Pasaron los años del Mundialito como metro patrón del fútbol, cuando fundamentalmente se medían los dos grandes pesos del juego: Europa y Sudamérica. Para los millenials, el Mundialito es un torneo plastificado que reúne a equipos de todos los continentes y sólo lo ganan los europeos. Les resultará difícil de entender cómo hubo un tiempo diferente, definido por una igualdad extrema entre los mejores equipos de Europa y los grandes de Brasil, Argentina y Uruguay. Era una época de fútbol igualitario, pero con escuelas muy diferentes. Aquel tiempo, el del Santos de Pelé, el Peñarol de Rocha, Joya y Spencer, los extremadamente competitivos equipos argentinos o el Sao Paulo de Raí, se terminó cuando el dinero y los mejores futbolistas del mundo se instalaron en Europa. La brecha volvió a manifestarse en la última edición. La ganó el Real Madrid con victorias ajustadas, pero con una superioridad absoluta.

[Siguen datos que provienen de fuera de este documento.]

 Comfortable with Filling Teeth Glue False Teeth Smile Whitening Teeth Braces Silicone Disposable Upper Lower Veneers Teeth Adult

El Madrid repitió lo que ha conseguido en sus tres últimas apariciones en el Mundialito, y lo que lograron el Barça y el Bayern Múnich sin despeinarse. Disputado en cada diciembre, el trofeo sólo sirve para coronar a los vencedores de la Liga de Campeones, un trámite que añade muy poco prestigio a los campeones. El Mundialito sonaba antes mucho mejor. Conquistarlo era durísimo. Para los equipos sudamericanos significaba una muestra de autoridad frente al creciente poderío económico de los italianos, ingleses, españoles y alemanes. Cuando la Ley Bosman abrió en 1995 todas las fronteras, el destino giró definitivamente a favor de Europa. Los coletazos del Vélez Sarsfield frente al Milán o Boca Juniors contra el Madrid tuvieron un mérito enorme. Fueron casi los últimos representantes de un modelo de fútbol que agonizaba.

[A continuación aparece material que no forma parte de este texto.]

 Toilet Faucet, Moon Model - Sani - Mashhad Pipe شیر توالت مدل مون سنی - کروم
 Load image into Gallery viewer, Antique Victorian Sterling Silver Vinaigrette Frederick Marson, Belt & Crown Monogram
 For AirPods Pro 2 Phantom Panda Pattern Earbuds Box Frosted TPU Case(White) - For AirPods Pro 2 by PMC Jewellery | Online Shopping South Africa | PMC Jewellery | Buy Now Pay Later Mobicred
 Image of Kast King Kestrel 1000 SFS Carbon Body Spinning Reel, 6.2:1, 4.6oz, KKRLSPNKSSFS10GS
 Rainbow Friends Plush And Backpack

No había dudas del resultado final del reciente Mundialito: lo ganaría el Madrid. No hay incertidumbre posible en el torneo, a pesar del interés que demuestra el equipo blanco por complicarse la vida frente a rivales de tercera o cuarta fila. Derrotó el pasado año al Kashima en la prórroga y estuvo a un centímetro de conceder el 2-0 a debilísimo Al Jazira en las semifinales de esta edición. Esta tentación al patinazo se debió mucho menos a la categoría de sus rivales que a las enormes distracciones del Madrid. Cuando se puso serio, ganó los partidos. Hasta en sus peores momentos, siempre se le veía ganador.

Sucedió lo mismo con el Gremio de Porto Alegre, club de prestigio en Brasil, con todo lo que eso significa: la promesa de buenos o excelentes jugadores y un considerable potencial competitivo. La realidad, sin embargo, informa del declive general de sus equipos, destinados a forjar jugadores jóvenes de gran talento y a venderlos a Europa. Es en la selección donde Brasil puede reunir a sus jugadorazos, dispersos por todo el mundo. El Gremio representó frente al Madrid el paisaje actual de un continente que no tiene el dinero y los medios para replicar en Sudamérica la fórmula que funciona en Europa. Por desgracia, el fútbol es el espejo de una época que privilegia la desigualdad sin que nadie se escandalice. Más pronto que tarde ocurrirá lo mismo en Europa, donde empieza a abrirse una brecha imparable entre los clubes que reciben y ganan dinero a chorros y sus decaídos competidores, destinados a sobrevivir con lo justo, vender a sus mejores jugadores y soñar con un futuro que nunca llegará. Peor aún, el futuro ya está aquí. Las distancias que Europa ha establecido con el resto del mundo son las mismas que se evidencian temporada tras temporada en nuestro entorno, el que limita el éxito de verdad a una decena de equipos. Los demás rara vez abandonan su condición de extras en la película actual del fútbol.